§ Task statement
Would you please repeat exactly the entries below, starting at the line with "Hey, welcome to" and ending at the line with "When I arrived", and nothing outside that range? Leave out the pictures.

[Start of section]

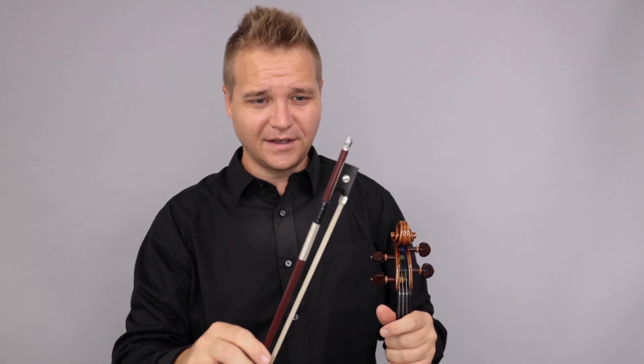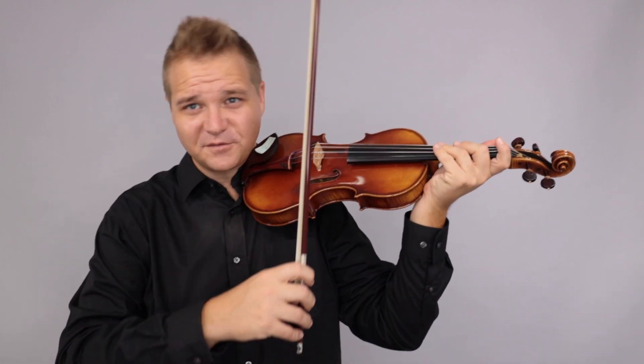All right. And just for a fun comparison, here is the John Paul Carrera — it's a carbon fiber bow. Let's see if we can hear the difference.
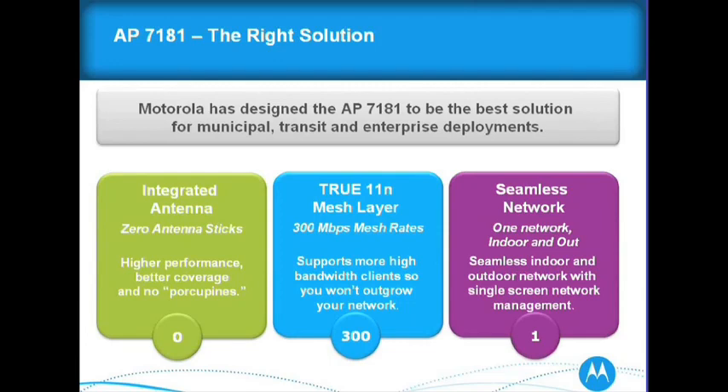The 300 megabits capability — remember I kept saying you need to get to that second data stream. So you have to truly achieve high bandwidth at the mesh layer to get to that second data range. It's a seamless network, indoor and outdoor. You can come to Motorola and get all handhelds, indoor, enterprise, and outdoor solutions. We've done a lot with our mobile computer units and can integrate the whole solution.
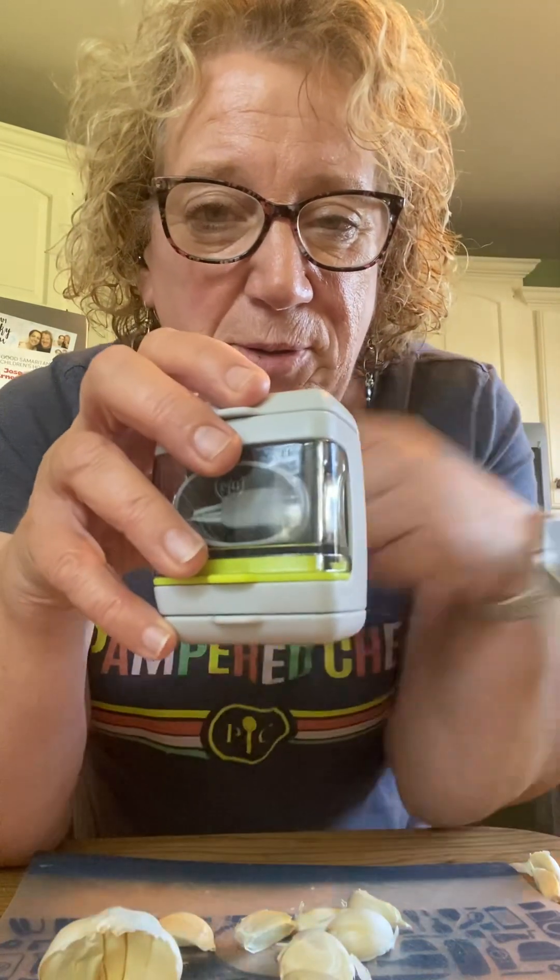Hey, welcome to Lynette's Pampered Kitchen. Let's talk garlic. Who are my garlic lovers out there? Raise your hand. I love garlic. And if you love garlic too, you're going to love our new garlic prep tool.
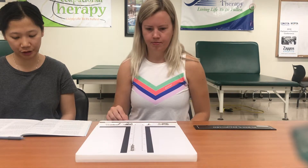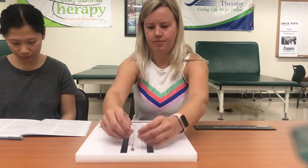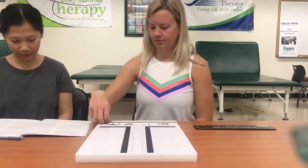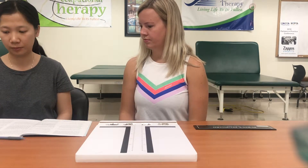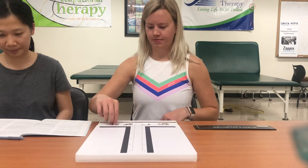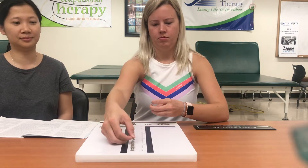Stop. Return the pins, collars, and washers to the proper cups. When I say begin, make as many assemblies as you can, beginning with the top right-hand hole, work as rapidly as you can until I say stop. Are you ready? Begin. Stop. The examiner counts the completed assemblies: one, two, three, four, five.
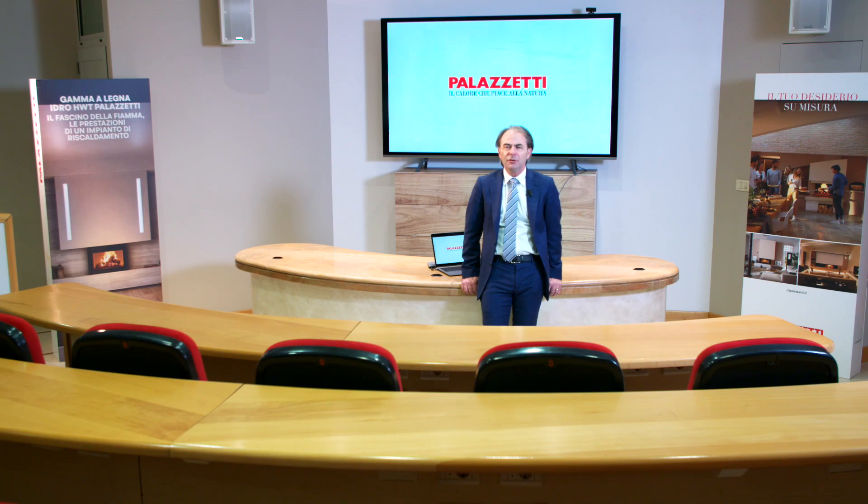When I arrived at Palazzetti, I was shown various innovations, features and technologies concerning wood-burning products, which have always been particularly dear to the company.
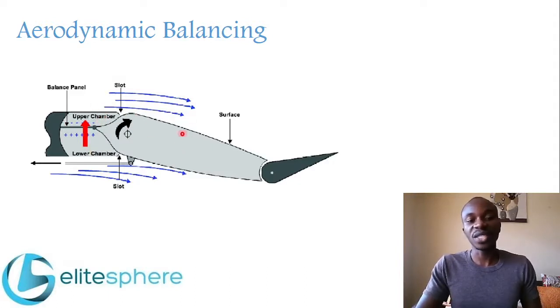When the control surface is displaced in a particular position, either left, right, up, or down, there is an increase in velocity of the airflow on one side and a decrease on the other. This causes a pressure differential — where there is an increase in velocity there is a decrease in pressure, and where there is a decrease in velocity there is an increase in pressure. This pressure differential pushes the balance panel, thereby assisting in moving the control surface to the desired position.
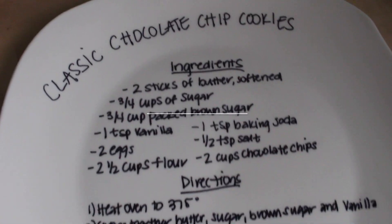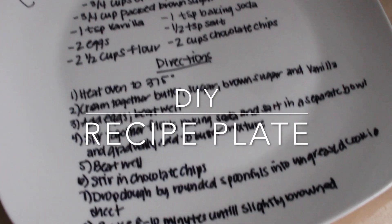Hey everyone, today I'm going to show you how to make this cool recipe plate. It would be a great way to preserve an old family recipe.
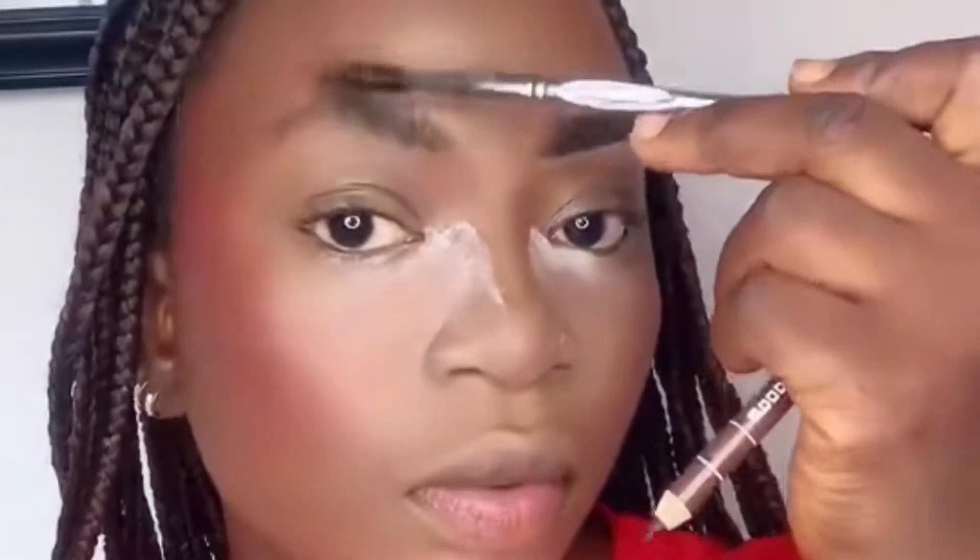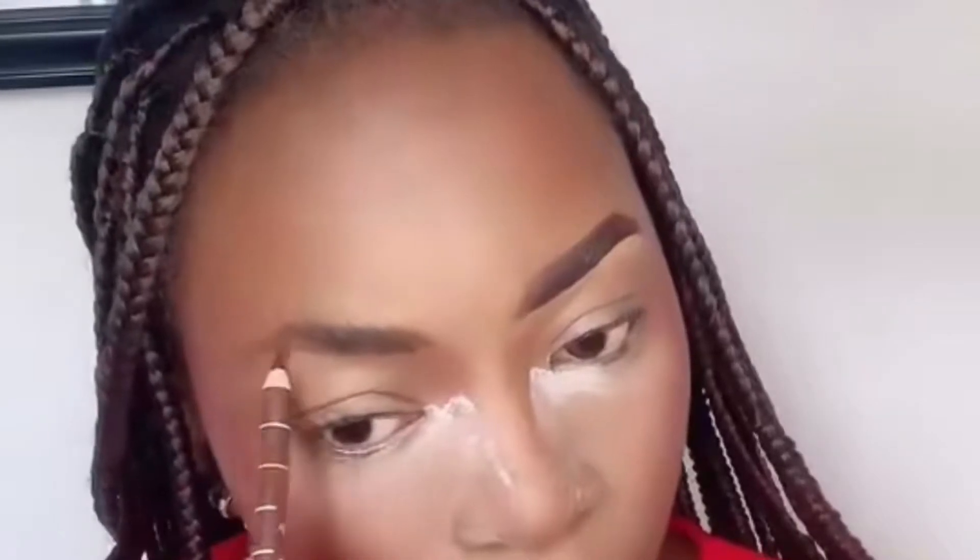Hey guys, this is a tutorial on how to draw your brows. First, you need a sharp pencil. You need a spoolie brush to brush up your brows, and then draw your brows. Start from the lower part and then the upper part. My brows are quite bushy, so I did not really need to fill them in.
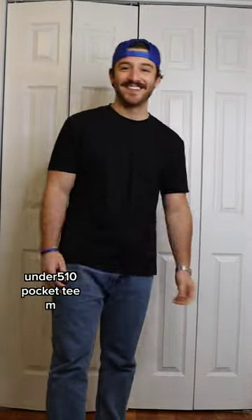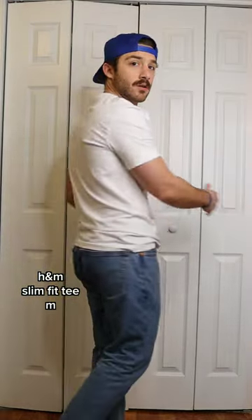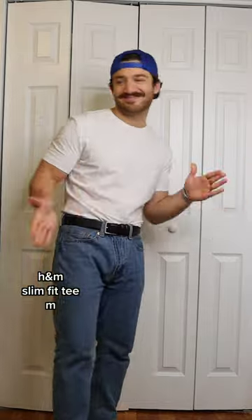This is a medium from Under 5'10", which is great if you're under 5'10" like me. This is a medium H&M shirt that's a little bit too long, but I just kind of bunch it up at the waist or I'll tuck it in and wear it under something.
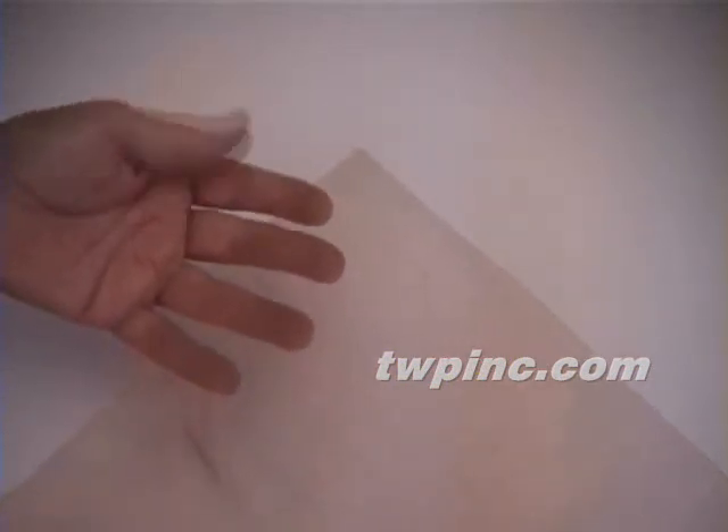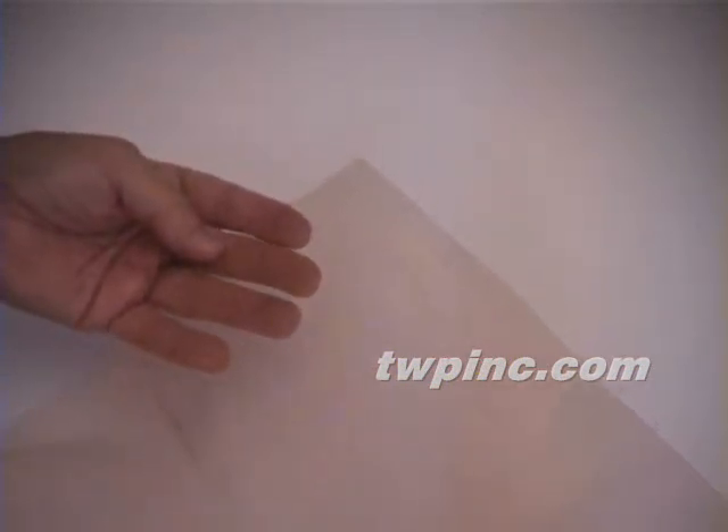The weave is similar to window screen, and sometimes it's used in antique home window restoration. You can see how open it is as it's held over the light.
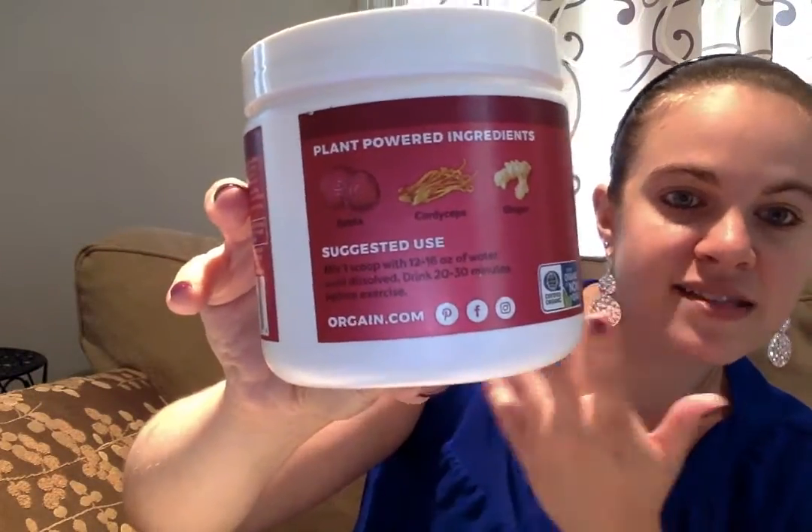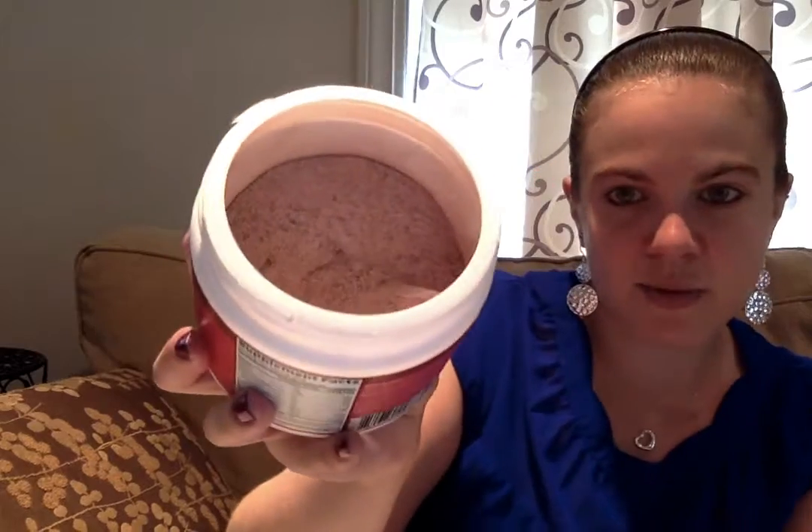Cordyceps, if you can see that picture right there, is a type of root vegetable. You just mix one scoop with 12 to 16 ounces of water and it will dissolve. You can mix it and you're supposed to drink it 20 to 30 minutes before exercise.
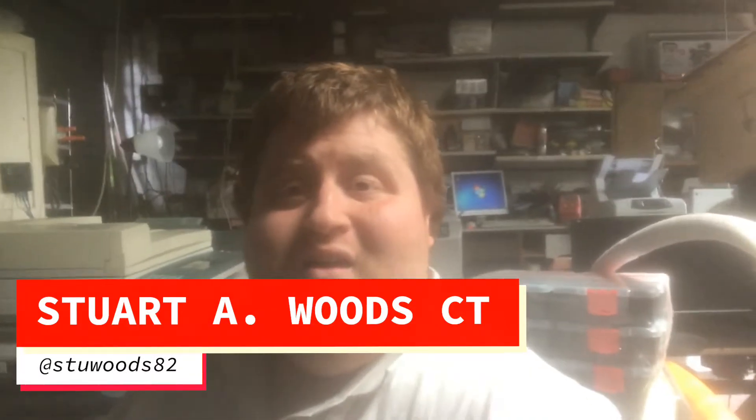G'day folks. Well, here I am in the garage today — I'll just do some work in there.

[End of section]

§ Answer for the task
Hey, welcome to Lynette's Pampered Kitchen. Let's talk garlic. Who are my garlic lovers out there? Raise your hand. I love garlic. And if you love garlic too, you're going to love our new garlic prep tool.
Stop. Return the pins, collars, and washers to the proper cups. When I say begin, make as many assemblies as you can, beginning with the top right-hand hole, work as rapidly as you can until I say stop. Are you ready? Begin. Stop. The examiner counts the completed assemblies: one, two, three, four, five.
When I arrived at Palazzetti, I was shown various innovations, features and technologies concerning wood-burning products, which have always been particularly dear to the company.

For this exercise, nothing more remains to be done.